**WHAT YOU ARE ASKED TO DO**
Please set down exactly the lines of the listing below from the line containing "18 Huia Street Whau Valley_19" through the line containing "natures-way-vitamin-d3-extra-strength1-s-4.jpg", both lines included, leaving out all other lines.

**DATA RECORDS**
+ + +

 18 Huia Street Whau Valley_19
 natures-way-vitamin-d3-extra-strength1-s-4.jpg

+ + +

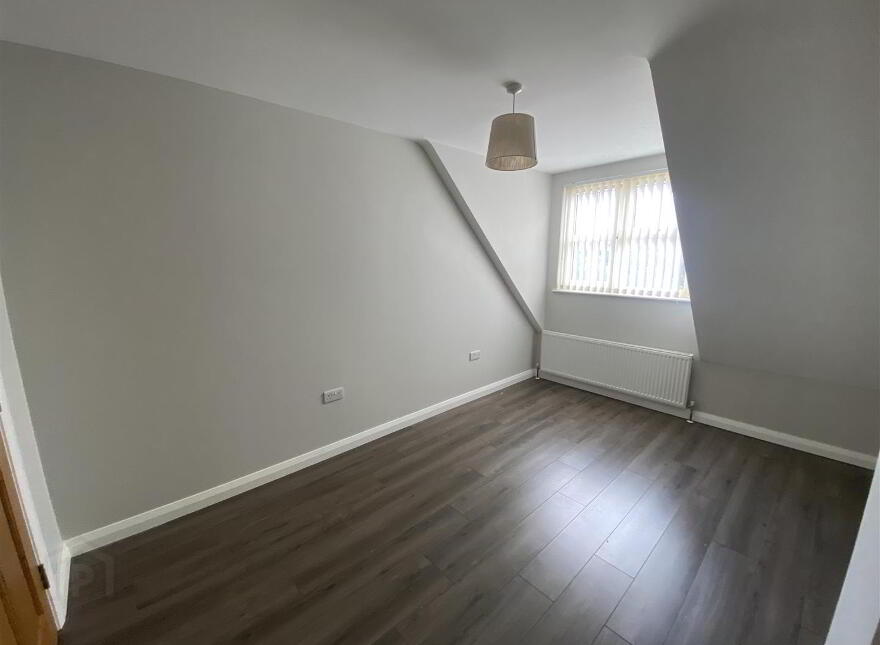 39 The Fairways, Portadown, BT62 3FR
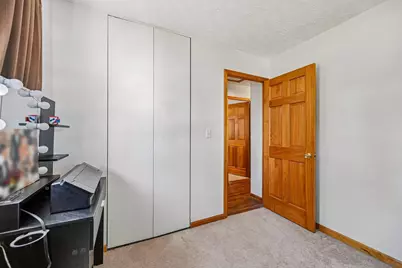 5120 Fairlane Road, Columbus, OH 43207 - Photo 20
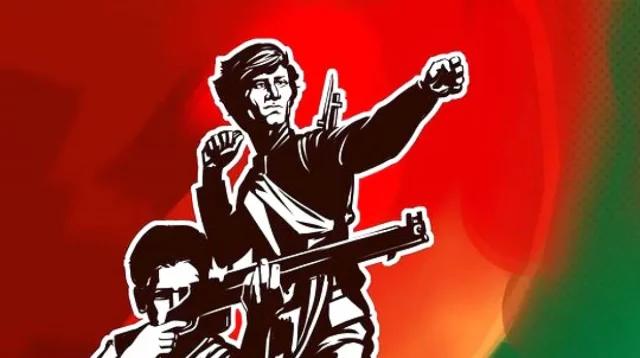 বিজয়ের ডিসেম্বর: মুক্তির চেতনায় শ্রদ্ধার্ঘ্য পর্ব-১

+ + +

**ANSWER SPACE**
 18 Huia Street Whau Valley_19
 natures-way-vitamin-d3-extra-strength1-s-4.jpg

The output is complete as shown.